Consider a few options:
A chore you honestly hate, but which doing well might make more palatable A task you actually enjoy, but rarely allow yourself the time to do at a desirable pace and to your standards A task you’ve been avoiding because you think you will do it badly A project you’ve been wanting to start but have delayed because you don’t want to rush through it A basic chore you perform every day, but which you choose, just this once, to really do well
How do you do things well? There are three key ingredients.
First, you need to allow yourself sufficient time.
Rushing is the primary cause of “less than ideal” results. When we are hurrying around, we make mistakes, skimp on the finishing touches, do slipshod work, and otherwise underdeliver. Much of the time, this may be necessary. But if you really want to do something well, set aside the time you will need to move at a comfortable pace.
Second, gather the right tools.
One of the reasons we fail to do things well is because we are working with suboptimal supplies. We try to clean up the spill on the car seat with a tissue, and it disintegrates before it can do the job. We scribble a note to ourselves with a crayon and then can’t read it later. We try and repair an item with a butter knife instead of the appropriate screwdriver because that is what is close at hand. Having the right tool not only makes a job easier, but it also frequently gives us better results.
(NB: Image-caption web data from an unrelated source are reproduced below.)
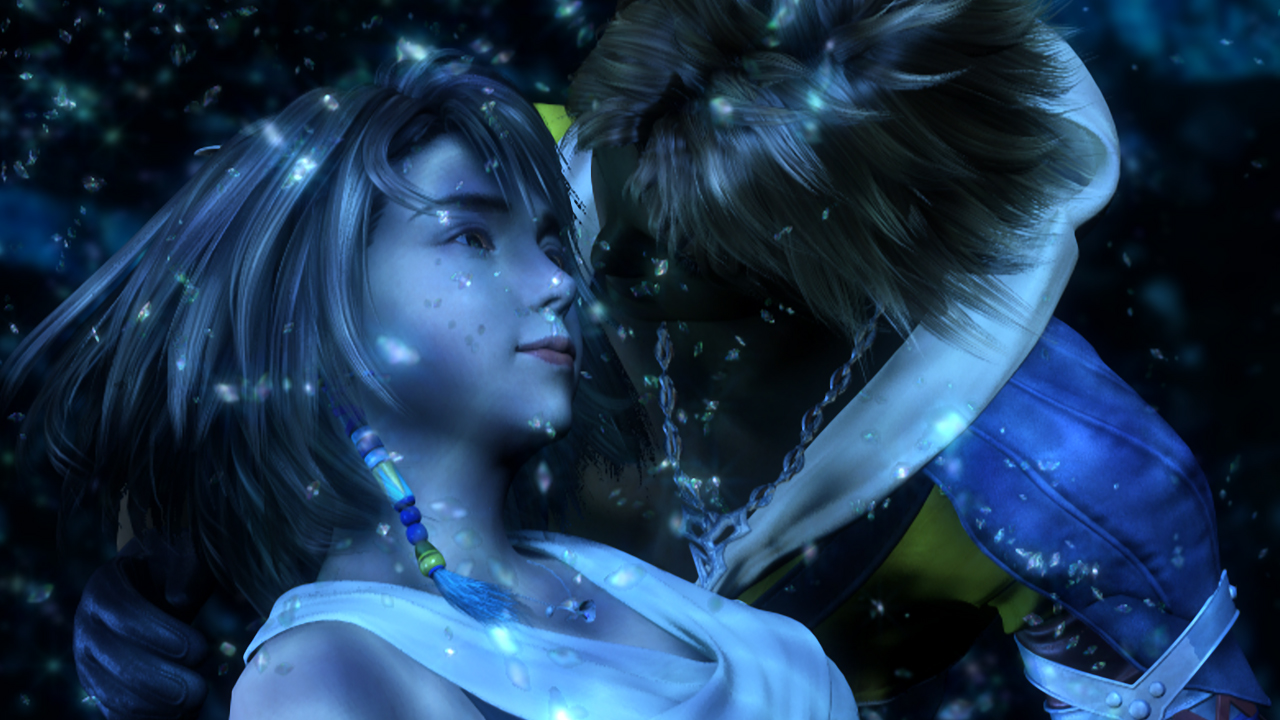 图片[5]-最终幻想X/X-2高清重制版|Final Fantasy X/X-2 HD Remaster|Build3404637-萌芽游戏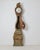 Antique Rococo Country Long Case Clock, Sweden, 1790 For Sale - Image 4 of 14
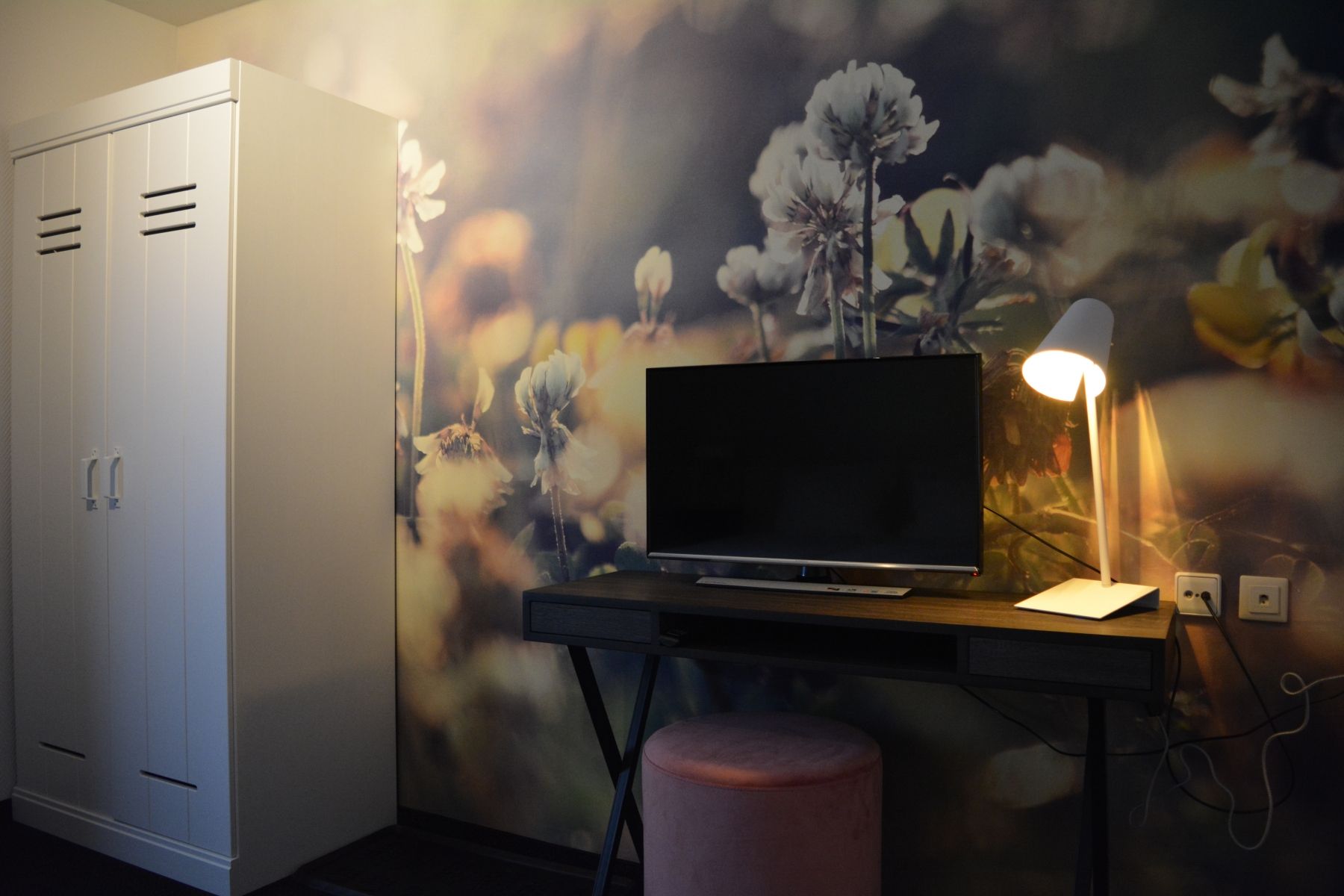 Kamer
Third, see the task through to completion, including cleaning up when you are finished.
Half-finished tasks, or tasks that leave a mess behind, can be disheartening. If we refill the salt shaker but leave a dusting of salt on the floor that we then find ourselves stepping on for three days, we won’t feel great about ourselves. If we wash and dry the clothes, but never get them folded and into the drawer, we lack a sense of accomplishment. Instead, push through to get something fully finished: wash the brushes after painting, wipe the counter down after the meal, put the stapler back in the drawer after using it, file the paperwork instead of sticking it in a stack, hang the towel up after showering, put the dirty clothes in the hamper, hang up the coat on the hanger, etc. It is the finishing touches that are often most rewarding. Treat yourself to a visually and functionally satisfying result.
Here is a personal example.
My least favorite household chore is putting clean sheets on the beds. I honestly don’t like it because it is a bit difficult for me. Lifting mattresses to tuck blankets underneath is hard on my back. Some of my sheets are a bit tight, so I have to tug and pull to get them on. The comforters are large and can be cumbersome to get back in place. I find the whole process to be sort of a drag. Nevertheless, it must be done.
Most of the time I try and just get it over with as quickly as possible. However, last week I decided I would really do this one task well. I took time to wash and return the mattress cover. Then I slowly and methodically replaced all the bedding, pausing to make sure it was straight and smooth. I placed the decorative pillows back on the bed with a bit of care, and even bent down to adjust the dust ruffle so it hung properly. When I was finished, I was able to take a bit of satisfaction in the nicely made bed. Will I do that every time? No, I probably won’t. Having a perfectly made bed just isn’t important. But for that day, I felt good about my little effort, and that put a bit of jump in my step.
Reality will likely dictate that you can do all things at all times as well as you might like. However, if you are feeling a bit down on yourself, like you aren’t accomplishing anything, or like you aren’t making anybody happy, perhaps slow down long enough to do at least one thing well. Revel in whatever it is you achieve, even if only one solitary time. Let that feeling nourish your soul and motivate you to get up and face whatever else is on your plate.
Can you remember a sense of satisfaction from having done a task particularly well?